[RWP] latency in reaper

Indigo 33indigo at charter.net
Wed May 29 10:45:19 EDT 2013


Unless the latency figures shown onscreen in Reaper are not the total 
round trip from your device through the computer then back to you, but 
only part of the total latency.
The computer itself adds about a millisecond of latency, which is 
unavoidable.
I can pick up a mistiming like a hawk, and at 3 to 5 ms with the eMu 
soundcards and Reaper, an instrument under my hands; like PianoTeq; 
feels just like the real thing, and I'm not deluding myself.
I read somewhere that there's something like 1.5ms latency from a piano, 
when you're sitting at the piano bench; and hasn't anyone noticed the 
inertia the long heavy hammer mechanism inserts into the playing of a piano.

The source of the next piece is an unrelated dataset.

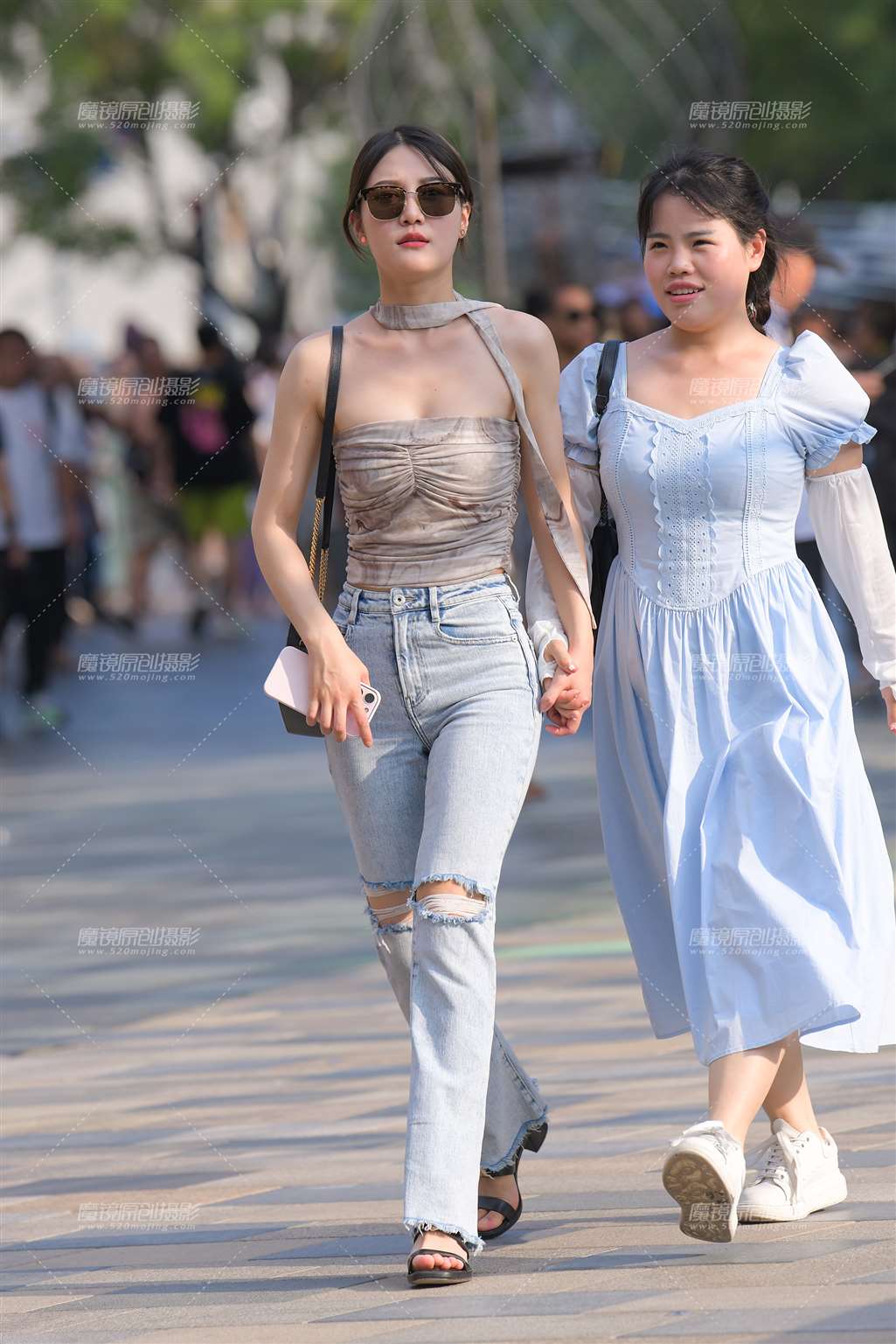 图片[4]-抹胸蓝牛-街拍流行馆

I love the feel of it myself, and believe the mechanical inertia of the 
mechanism has defined the music that comes out of the instrument.
I haven't had a lot of time with one, but I've tried a real Fender 
Rhodes, and the feel of the hammers striking the tines just sets a 
certain pace; and seems to just draw bluesy riffs out of it.

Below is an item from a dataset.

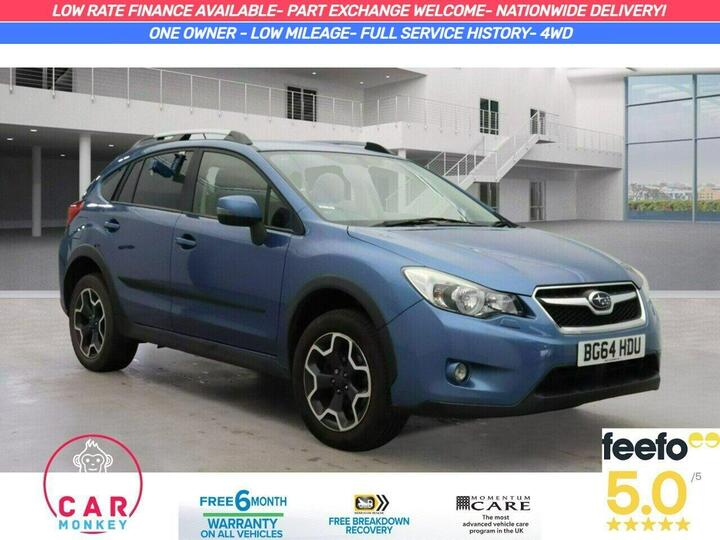 Subaru XV 2.0i SE 4WD Euro 5 (s/s) 5dr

For some people, the lack of inertia and instant response of flabby 
synth keys puts them off.
In all of life, you train your mind, which is meant to be a totally 
adaptable tool.
In playing auto quantizing groove boxes, I found you need to play a tiny 
bit ahead of time, to give the relatively slow internal processing 
enough time to place the next note onto the correct 16th note marker
Drum machines only use 1/96th resolution, which is pretty crude compared 
to the 1/384 or 1/960 resolution our daws typically run at..

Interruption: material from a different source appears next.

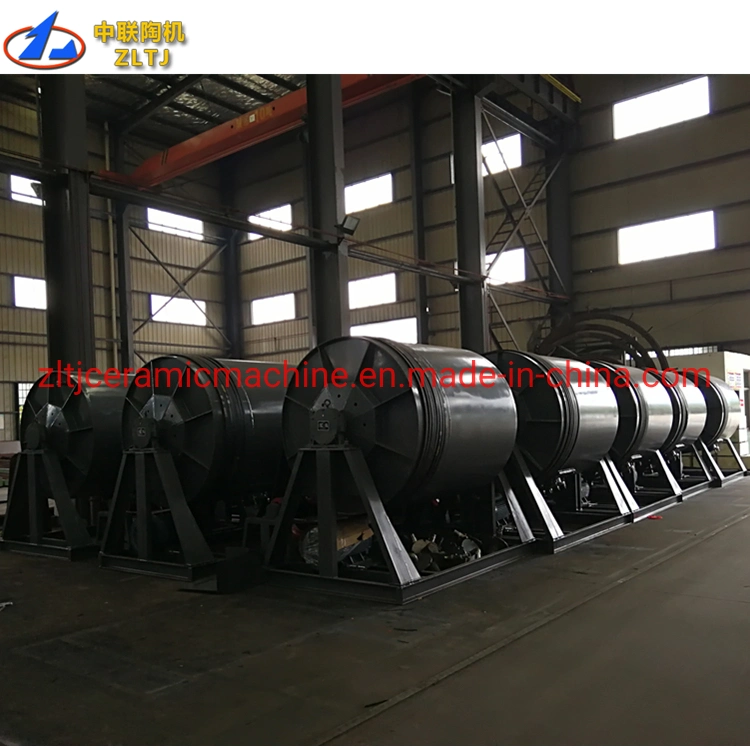 Wet Milling Batch Ball Mill for Milling Aluminium Oxide Material in Alumina Ball Producing Line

It only takes a little time to train your mind so you don't notice that 
you're pushing your playing  timing a few milliseconds ahead.
If you have 12ms latency from an electric guitar, you're probably 
already pushing 12ms ahead of the time, and are so used to it it doesn't 
bother you at all.
Less than 10ms is an academic issue, or a bragging issue for those with 
expensive soundcards, adapt and enjoy yourself; or, much better, why not 
spend the cash on a really great pro level soundcard.
You'll never regret it.

Indi


On 5/29/2013 4:37 AM, Colin McDonald wrote:
> in a room at 20 degrees C with low humidity, sound will travel at 1.125
> feet per MS.  So yes, if you are ten feet away from the speakers it'll
> take around 11.25MS to reach you.
> So, with that in mind, I know exactly how a guitar cabinet sounds from
> ten feet away and the delay is very minimal.  even adding in room
> reflections which compound that spacial effect, it's still quite dry
> sounding if you will.
> 11.25 ms is barely noticeable.
> so, since the delay is very very apparent when using record monitor, I
> wonder if the latency is being stacked through the way the sound is
> processed?  IE, signal in to the sound card, processed and that process
> takes say 11MS.  Then the signal is processed again for record monitor,
> taking 11MS then sent back out the sound card so you can hear it, taking
> another 11MS...does that make any sence at all?  because I can tell you
> absolutely that the latency I hear in reaper is far far far more than
> standing 10 feet away from your amp cabinet.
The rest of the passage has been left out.